Michał Piegza: Kolejny potentat pokonany. Wcześniej wygraliście z Wisłą i Legią. Teraz przyszła pora na Lecha.
Rafał Grodzicki: Cieszy wygrana z takim zespołem jak Lech Poznań. Zagraliśmy tak, jak chcieliśmy. Tydzień temu mieliśmy dołek w meczu z Arką i nie udało się zwyciężyć. Ale wtedy wywalczyliśmy punkt, co też było cenne, patrząc na przebieg gry. Teraz dołożyliśmy trzy kolejne i łącznie mamy ich zdobytych cztery. Pniemy się w górę tabeli. A potentaci? Różnie grają i my to wykorzystujemy. Martwi natomiast, że tracimy punkty z teoretycznie słabszymi zespołami.
Macie patent na najmocniejsze, przynajmniej finansowo, kluby w Polsce?
- A Ruch Chorzów to nie jest wielka firma? Teraz wszystkie zespoły, które przyjeżdżają do Chorzowa mają do nas szacunek i wiedzą, że przy Cichej się ciężko gra.
Co wam pomogło w wygraniu meczu? To że Lech był zmęczony? Peszko i Rudnevs zaczęli spotkanie na ławce. Gdyby wystąpili od początku mogło być inaczej?
- Nie ma co gdybać. A może gdyby zagrali od pierwszej minuty, to wygralibyśmy wyżej? A może byśmy przegrali? Wracając do czwartkowego meczu Lecha to widać było, że Lechici mieli to spotkanie w nogach. Wszak grali kilka dni temu i nie mieli kiedy się zregenerować. Nie mogą jednak zrzucać na to winy. My też graliśmy niedawno co trzy dni i nikt się nami nie przejmował. To problem Lecha, a nie nasz.
Ciebie, jako obrońcę, raduje chyba fakt, że kolejny raz z tyłu zagraliście na zero.

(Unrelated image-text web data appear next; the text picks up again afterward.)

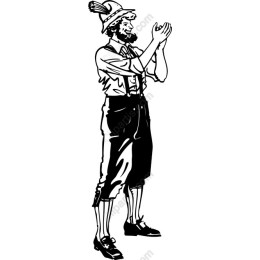 Vintage Bavarian Man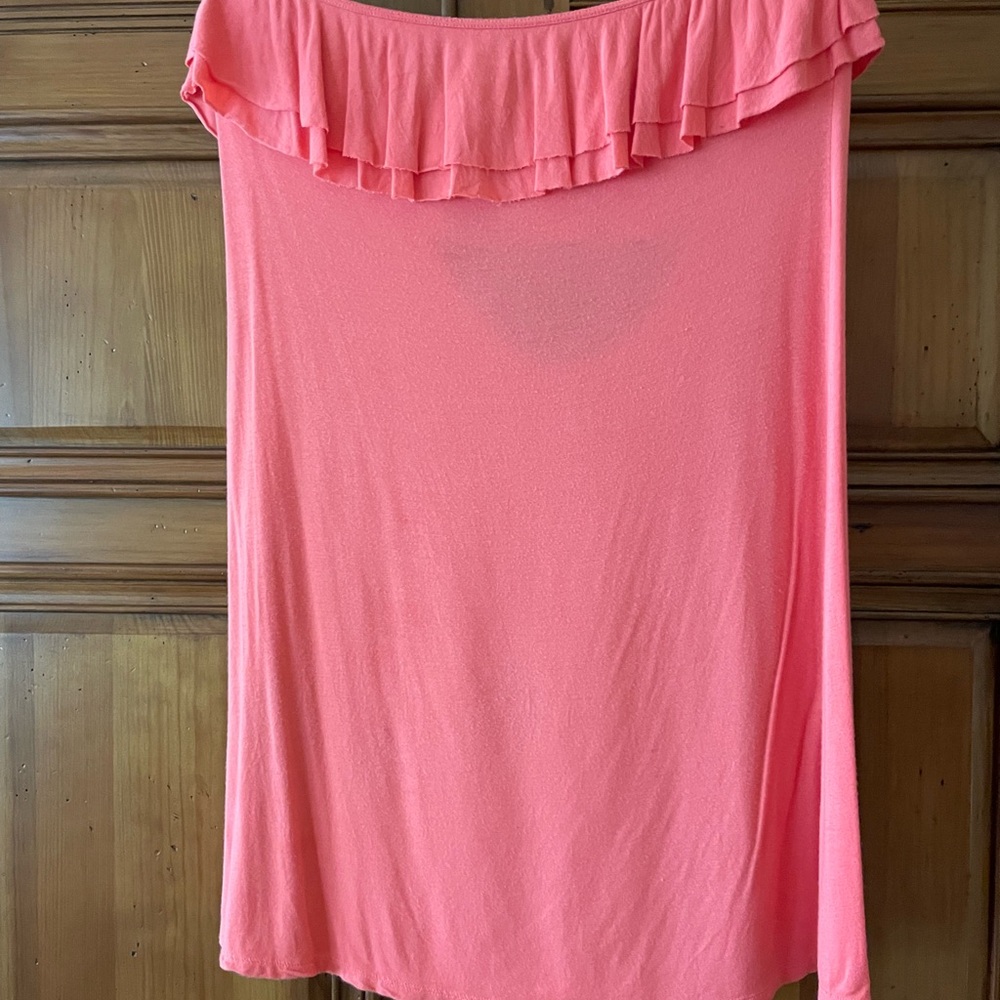Victoria’s Secret Off-Shoulder Ruffle coverup
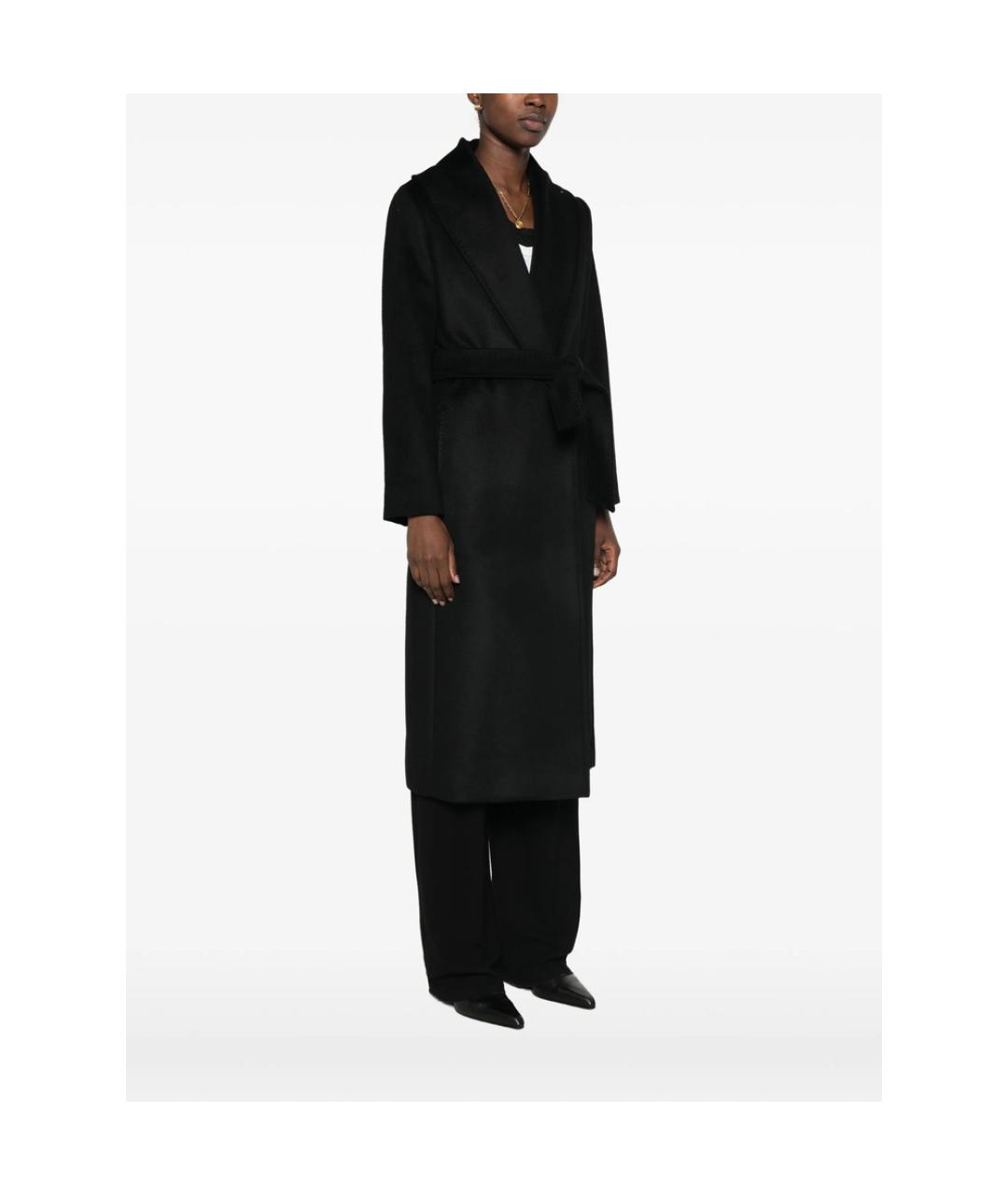 MAX MARA STUDIO Черное пальто, фото 3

- Jestem obrońcą i takie rzeczy są dla mnie najważniejsze. Czwarty mecz z tyłu z czystym kontem. Oby takich spotkań było jak najwięcej, bo to jest ważne. Zespół powinno budować się od defensywy. I trener Fornalik właśnie tak czyni. Miło się patrzy na klasyfikację drużyn z najmniejszą ilością straconych bramek. Na pierwszym miejscu jest Arka, a zaraz potem my.
Piłkarze Lecha domagali się w ostatniej minucie doliczonego czasu gry karnego dla Lecha. Była jedenastka czy sędzia miał rację dyktując rzut wolny?
- Być może był faul. Arbiter gwizdnął jednak wcześniej. Faulował kto inny. Będę jeszcze oglądał powtórki, ale skoro sędzia nie gwizdnął, to jedenastki nie było. Jeśli ja przewróciłem Bosackiego, to było już to po gwizdku arbitra.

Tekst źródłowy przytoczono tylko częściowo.